**WHAT TO DO:** In the records below, find the line with "Leapmotor C16 EREV", then copy each line exactly until you have copied the line with "Obrázek Longines Flagship Classic". Leave any picture out.

**EXERCISE MATERIALS:**
-------

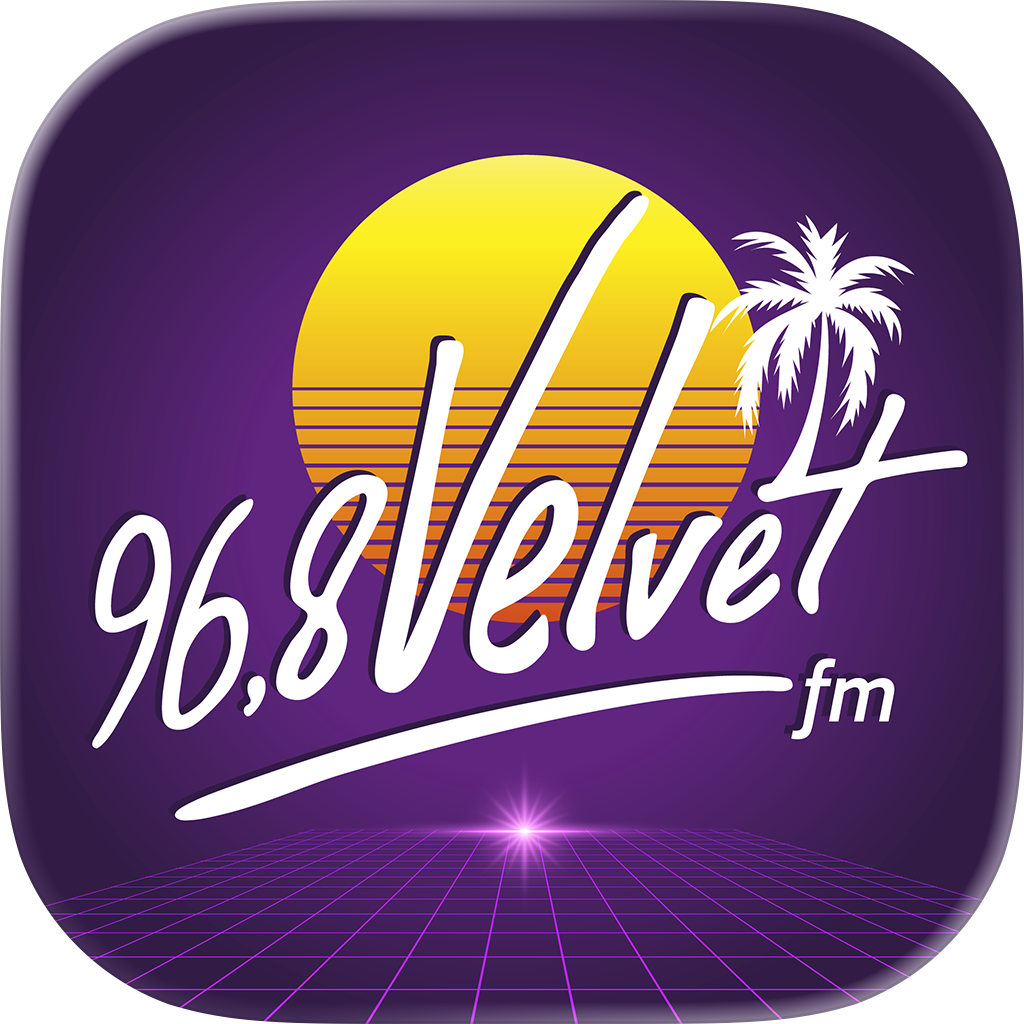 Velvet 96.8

-------

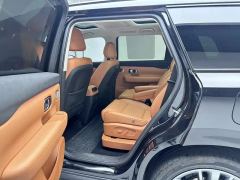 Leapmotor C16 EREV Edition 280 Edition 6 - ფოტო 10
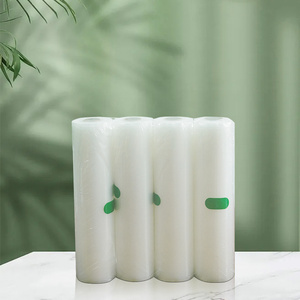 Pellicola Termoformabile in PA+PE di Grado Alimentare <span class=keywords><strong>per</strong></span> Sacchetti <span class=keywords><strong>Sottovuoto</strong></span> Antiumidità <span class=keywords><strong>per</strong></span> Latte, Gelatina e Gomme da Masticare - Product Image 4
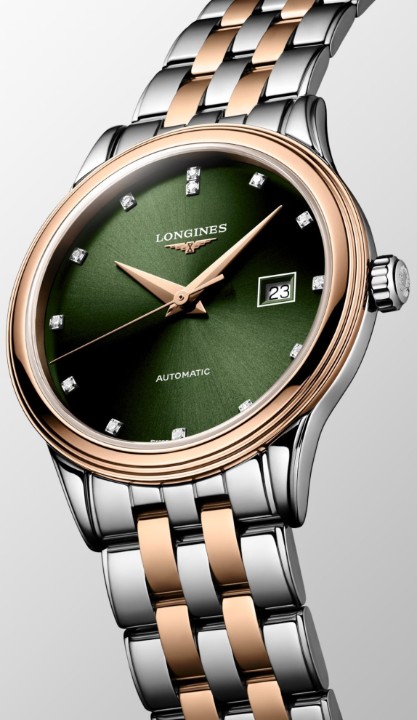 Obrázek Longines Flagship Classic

-------

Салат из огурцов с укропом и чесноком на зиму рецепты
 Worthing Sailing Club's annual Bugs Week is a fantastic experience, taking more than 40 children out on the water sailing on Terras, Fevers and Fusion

-------

**RESPONSE:**
 Leapmotor C16 EREV Edition 280 Edition 6 - ფოტო 10
 Pellicola Termoformabile in PA+PE di Grado Alimentare <span class=keywords><strong>per</strong></span> Sacchetti <span class=keywords><strong>Sottovuoto</strong></span> Antiumidità <span class=keywords><strong>per</strong></span> Latte, Gelatina e Gomme da Masticare - Product Image 4
 Obrázek Longines Flagship Classic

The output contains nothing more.